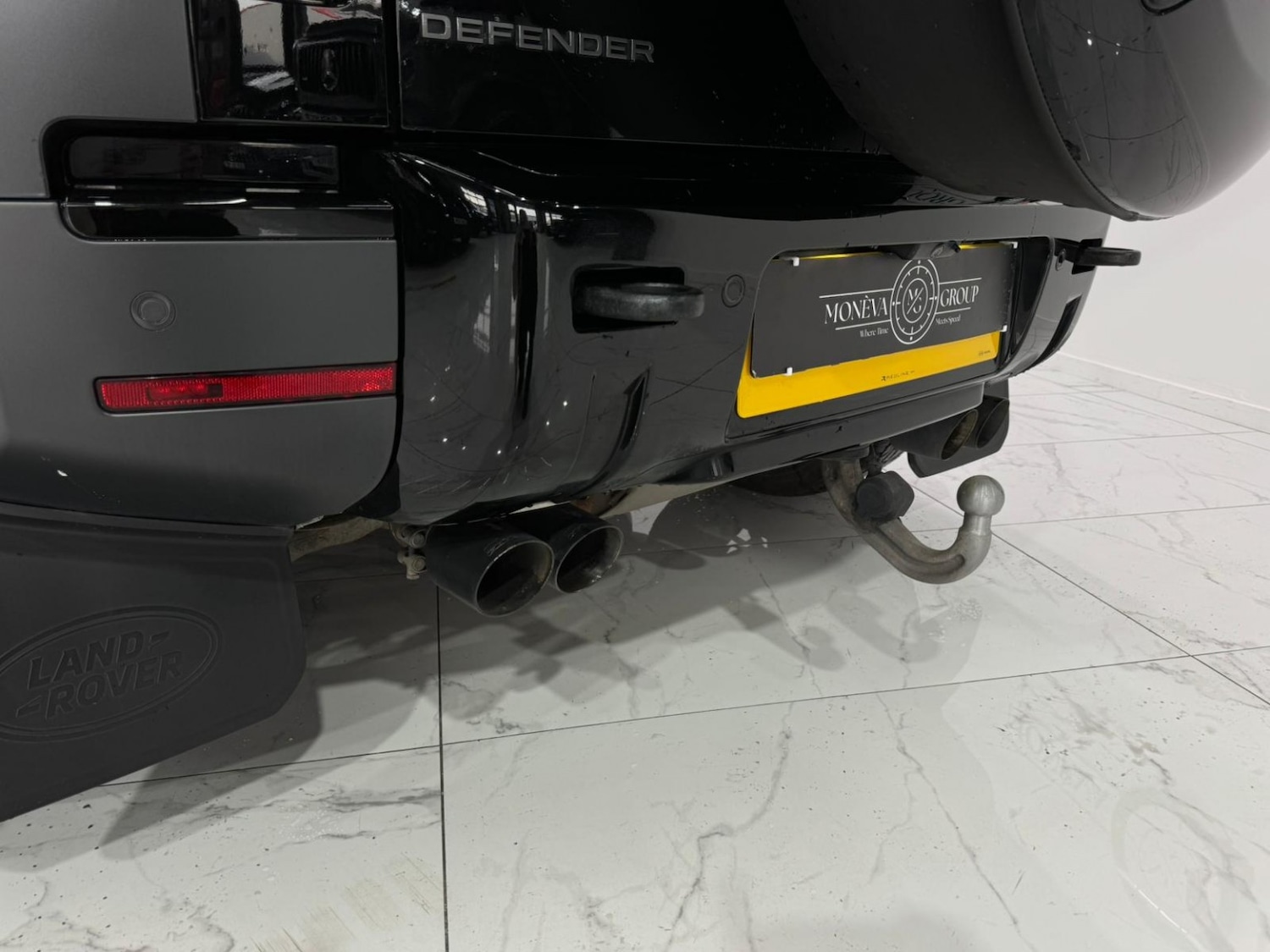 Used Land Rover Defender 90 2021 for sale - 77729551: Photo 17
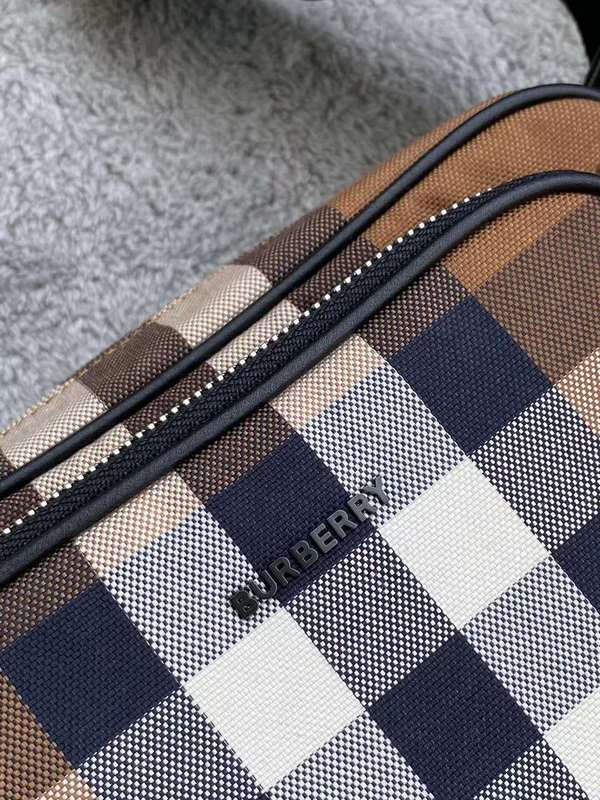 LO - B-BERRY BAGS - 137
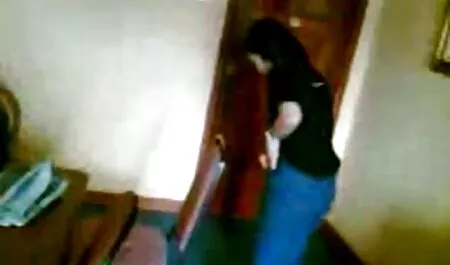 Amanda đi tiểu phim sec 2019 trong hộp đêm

◆ **YOUR ASSIGNMENT**: Starting from the line where "LO - B-BERRY BAGS - 137" appears, copy every line through the end of the material, both ends included, but no pictures.

◆ **TASK SOLUTION**:
 LO - B-BERRY BAGS - 137
 Amanda đi tiểu phim sec 2019 trong hộp đêm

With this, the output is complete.